When you create a subplots, they are assigned y axes: "y1","y2","y3","y4" on the left side of each subplot. To a secondary y axes, you need to use fig['layout'].update
to create new axes "y5", "y6", "y7", "y8" which correspond to "y1","y2","y3","y4". So the bottom right subplot would have axes y4(right) and y8(left). In the example below, I only create a secondary y axis for the last plot, but expanding it to more/all the subplots is pretty straightforward.
It is important to note, that creating the secondary axes, and assigning it in trace5 doesn't automatically place it on the proper axes. You still have to manually assign it with fig['data'][4].update(yaxis='y'+str(8))
to plot it relative to the left axis.
fig = tools.make_subplots(rows=2, cols=2,subplot_titles=('Air Temperature', 'Photon Flux Density',
'Ground Temps','Water Table & Precip'))
fig['layout']['xaxis1'].update( range=[174, 256])
fig['layout']['xaxis3'].update(title='Day of Year', range=[174, 256])
fig['layout']['yaxis1'].update(title='Degrees C',range=[-5,30])
fig['layout']['yaxis2'].update(title='mmol m<sup>-2</sup> m<sup>-d</sup>', range=[0, 35])
fig['layout']['yaxis3'].update(title='Ground Temps', range=[0, 11])
fig['layout']['yaxis4'].update(title='depth cm', range=[-20, 0])
fig['layout']['yaxis8'].update(title='rainfall cm', range=[0, 1.6])
fig['layout'].update(showlegend=False, title='Climate Conditions')

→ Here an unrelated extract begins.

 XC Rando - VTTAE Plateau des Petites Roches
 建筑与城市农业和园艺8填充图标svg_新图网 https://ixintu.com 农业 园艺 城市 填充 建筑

# In this example, I am only doing it for the last subplot, but if you wanted to do if for all,
# Just change to range(1,5)
for k in range(4,5):
fig['layout'].update({'yaxis{}'.format(k+4): dict(anchor='x'+str(k),
overlaying='y'+str(k),
side='right',
)
})
trace1 = go.Scatter(
y=Daily['AirTC_Avg'],
x=Daily.index,
marker = dict(
size = 10,
color = 'rgba(160, 0, 0, .8)',),
error_y=dict(
type='data',
array=Daily_Max['AirTC_Avg']-Daily_Min['AirTC_Avg'],
visible=True,
color = 'rgba(100, 0, 0, .5)',
),
name = 'Air Temp'
)
trace2 = go.Bar(
y=Daily['PPFD']/1000,
x=Daily.index,
name='Photon Flux',
marker=dict(
color='rgb(180, 180, 0)'
),
yaxis='y2',
)
trace3 = go.Scatter(
y=Daily['Temp_2_5_1'],
x=Daily.index,
name='Soil Temp',
marker=dict(
color='rgb(180, 0, 0)'
),
yaxis='y3',
)
trace4 = go.Scatter(
y=Daily['Table_1']*100,
x=Daily.index,
name='Water Table',
marker=dict(
color='rgb(0, 0, 180)'
),
yaxis='y4',
)
trace5 = go.Bar(
y=Daily['Rain']/10,
x=Daily.index,
name='Rain',
marker=dict(
color='rgb(0, 100, 180)'
),
yaxis='y8',
)
fig.append_trace(trace1, 1, 1)
fig.append_trace(trace2, 1, 2)
fig.append_trace(trace3, 2, 1)
fig.append_trace(trace4, 2, 2)
fig.append_trace(trace5, 2, 2)
## This part is important!!! you have to manually assing the data to the axis even
# though you do it when defining trace 5
fig['data'][4].update(yaxis='y'+str(8))
plot(fig, filename='FI_Climate')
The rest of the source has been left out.